[Data items]
[Start of section]
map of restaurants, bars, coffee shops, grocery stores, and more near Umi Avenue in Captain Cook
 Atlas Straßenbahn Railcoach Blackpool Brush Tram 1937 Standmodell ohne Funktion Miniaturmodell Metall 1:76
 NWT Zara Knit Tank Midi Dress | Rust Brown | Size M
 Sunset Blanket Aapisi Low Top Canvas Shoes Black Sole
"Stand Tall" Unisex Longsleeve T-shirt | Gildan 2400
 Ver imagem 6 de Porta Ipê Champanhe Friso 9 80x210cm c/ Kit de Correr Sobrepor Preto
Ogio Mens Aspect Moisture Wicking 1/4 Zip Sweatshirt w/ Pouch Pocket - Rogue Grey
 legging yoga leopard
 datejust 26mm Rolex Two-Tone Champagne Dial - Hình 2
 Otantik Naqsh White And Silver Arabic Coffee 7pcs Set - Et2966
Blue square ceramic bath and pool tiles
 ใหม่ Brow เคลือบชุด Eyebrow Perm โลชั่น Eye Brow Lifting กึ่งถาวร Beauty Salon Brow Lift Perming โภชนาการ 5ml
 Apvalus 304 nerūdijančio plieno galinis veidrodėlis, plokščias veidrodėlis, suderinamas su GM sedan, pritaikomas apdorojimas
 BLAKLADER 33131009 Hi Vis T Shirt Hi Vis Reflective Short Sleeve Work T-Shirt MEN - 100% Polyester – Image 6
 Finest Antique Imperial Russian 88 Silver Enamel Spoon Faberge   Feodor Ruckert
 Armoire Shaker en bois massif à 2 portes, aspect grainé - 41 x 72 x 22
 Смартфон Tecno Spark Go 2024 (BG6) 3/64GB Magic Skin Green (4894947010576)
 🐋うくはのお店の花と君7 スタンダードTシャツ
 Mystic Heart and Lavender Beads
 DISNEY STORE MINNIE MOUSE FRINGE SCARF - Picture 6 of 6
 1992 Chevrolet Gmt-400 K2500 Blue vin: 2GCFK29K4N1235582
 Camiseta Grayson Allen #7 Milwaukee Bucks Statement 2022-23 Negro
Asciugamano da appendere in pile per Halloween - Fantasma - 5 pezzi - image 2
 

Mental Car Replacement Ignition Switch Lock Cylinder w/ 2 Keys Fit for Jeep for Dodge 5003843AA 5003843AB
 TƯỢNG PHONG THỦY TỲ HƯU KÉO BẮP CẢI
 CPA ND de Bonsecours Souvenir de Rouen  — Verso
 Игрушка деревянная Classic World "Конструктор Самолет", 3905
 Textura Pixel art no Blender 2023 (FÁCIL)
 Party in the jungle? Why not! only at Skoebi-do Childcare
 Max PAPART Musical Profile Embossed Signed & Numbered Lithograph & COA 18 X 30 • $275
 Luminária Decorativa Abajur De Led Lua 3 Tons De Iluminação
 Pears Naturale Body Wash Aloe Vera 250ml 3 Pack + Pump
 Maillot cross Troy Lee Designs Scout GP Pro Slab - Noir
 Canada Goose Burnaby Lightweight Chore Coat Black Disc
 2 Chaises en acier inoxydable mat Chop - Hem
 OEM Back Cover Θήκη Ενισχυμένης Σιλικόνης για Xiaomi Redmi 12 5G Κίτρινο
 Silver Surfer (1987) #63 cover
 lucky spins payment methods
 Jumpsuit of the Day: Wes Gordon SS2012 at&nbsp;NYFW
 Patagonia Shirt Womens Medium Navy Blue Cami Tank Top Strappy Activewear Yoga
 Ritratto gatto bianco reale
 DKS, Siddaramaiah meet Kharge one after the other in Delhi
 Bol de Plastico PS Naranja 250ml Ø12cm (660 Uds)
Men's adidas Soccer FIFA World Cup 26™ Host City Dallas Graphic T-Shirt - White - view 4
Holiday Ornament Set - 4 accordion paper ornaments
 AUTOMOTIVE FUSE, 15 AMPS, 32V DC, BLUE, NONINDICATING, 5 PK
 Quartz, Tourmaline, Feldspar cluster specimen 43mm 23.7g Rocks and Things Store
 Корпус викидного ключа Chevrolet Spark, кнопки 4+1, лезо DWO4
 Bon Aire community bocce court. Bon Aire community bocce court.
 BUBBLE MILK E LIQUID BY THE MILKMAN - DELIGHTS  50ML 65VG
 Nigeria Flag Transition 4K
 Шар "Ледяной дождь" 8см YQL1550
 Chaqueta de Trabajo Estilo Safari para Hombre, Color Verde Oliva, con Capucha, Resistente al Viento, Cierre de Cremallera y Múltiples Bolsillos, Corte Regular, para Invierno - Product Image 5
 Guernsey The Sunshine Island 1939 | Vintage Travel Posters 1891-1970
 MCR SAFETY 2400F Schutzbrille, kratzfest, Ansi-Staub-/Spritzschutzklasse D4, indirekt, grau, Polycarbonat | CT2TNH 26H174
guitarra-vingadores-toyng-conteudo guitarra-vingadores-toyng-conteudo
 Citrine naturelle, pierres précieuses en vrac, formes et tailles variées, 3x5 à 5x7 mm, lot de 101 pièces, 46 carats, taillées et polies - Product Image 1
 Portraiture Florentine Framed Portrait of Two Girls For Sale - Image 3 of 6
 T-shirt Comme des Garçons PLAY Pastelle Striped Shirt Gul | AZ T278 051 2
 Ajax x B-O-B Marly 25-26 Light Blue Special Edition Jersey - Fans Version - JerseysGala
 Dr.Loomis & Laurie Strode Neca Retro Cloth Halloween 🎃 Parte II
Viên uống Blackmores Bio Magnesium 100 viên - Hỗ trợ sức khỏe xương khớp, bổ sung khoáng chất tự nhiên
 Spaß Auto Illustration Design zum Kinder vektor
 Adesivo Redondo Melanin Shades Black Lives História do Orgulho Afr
[End of section]
All that is wanted is the run of lines from the start of the data through the line containing "Canada Goose Burnaby", copied word for word.

_OUTPUT_
map of restaurants, bars, coffee shops, grocery stores, and more near Umi Avenue in Captain Cook
 Atlas Straßenbahn Railcoach Blackpool Brush Tram 1937 Standmodell ohne Funktion Miniaturmodell Metall 1:76
 NWT Zara Knit Tank Midi Dress | Rust Brown | Size M
 Sunset Blanket Aapisi Low Top Canvas Shoes Black Sole
"Stand Tall" Unisex Longsleeve T-shirt | Gildan 2400
 Ver imagem 6 de Porta Ipê Champanhe Friso 9 80x210cm c/ Kit de Correr Sobrepor Preto
Ogio Mens Aspect Moisture Wicking 1/4 Zip Sweatshirt w/ Pouch Pocket - Rogue Grey
 legging yoga leopard
 datejust 26mm Rolex Two-Tone Champagne Dial - Hình 2
 Otantik Naqsh White And Silver Arabic Coffee 7pcs Set - Et2966
Blue square ceramic bath and pool tiles
 ใหม่ Brow เคลือบชุด Eyebrow Perm โลชั่น Eye Brow Lifting กึ่งถาวร Beauty Salon Brow Lift Perming โภชนาการ 5ml
 Apvalus 304 nerūdijančio plieno galinis veidrodėlis, plokščias veidrodėlis, suderinamas su GM sedan, pritaikomas apdorojimas
 BLAKLADER 33131009 Hi Vis T Shirt Hi Vis Reflective Short Sleeve Work T-Shirt MEN - 100% Polyester – Image 6
 Finest Antique Imperial Russian 88 Silver Enamel Spoon Faberge   Feodor Ruckert
 Armoire Shaker en bois massif à 2 portes, aspect grainé - 41 x 72 x 22
 Смартфон Tecno Spark Go 2024 (BG6) 3/64GB Magic Skin Green (4894947010576)
 🐋うくはのお店の花と君7 スタンダードTシャツ
 Mystic Heart and Lavender Beads
 DISNEY STORE MINNIE MOUSE FRINGE SCARF - Picture 6 of 6
 1992 Chevrolet Gmt-400 K2500 Blue vin: 2GCFK29K4N1235582
 Camiseta Grayson Allen #7 Milwaukee Bucks Statement 2022-23 Negro
Asciugamano da appendere in pile per Halloween - Fantasma - 5 pezzi - image 2
 

Mental Car Replacement Ignition Switch Lock Cylinder w/ 2 Keys Fit for Jeep for Dodge 5003843AA 5003843AB
 TƯỢNG PHONG THỦY TỲ HƯU KÉO BẮP CẢI
 CPA ND de Bonsecours Souvenir de Rouen  — Verso
 Игрушка деревянная Classic World "Конструктор Самолет", 3905
 Textura Pixel art no Blender 2023 (FÁCIL)
 Party in the jungle? Why not! only at Skoebi-do Childcare
 Max PAPART Musical Profile Embossed Signed & Numbered Lithograph & COA 18 X 30 • $275
 Luminária Decorativa Abajur De Led Lua 3 Tons De Iluminação
 Pears Naturale Body Wash Aloe Vera 250ml 3 Pack + Pump
 Maillot cross Troy Lee Designs Scout GP Pro Slab - Noir
 Canada Goose Burnaby Lightweight Chore Coat Black Disc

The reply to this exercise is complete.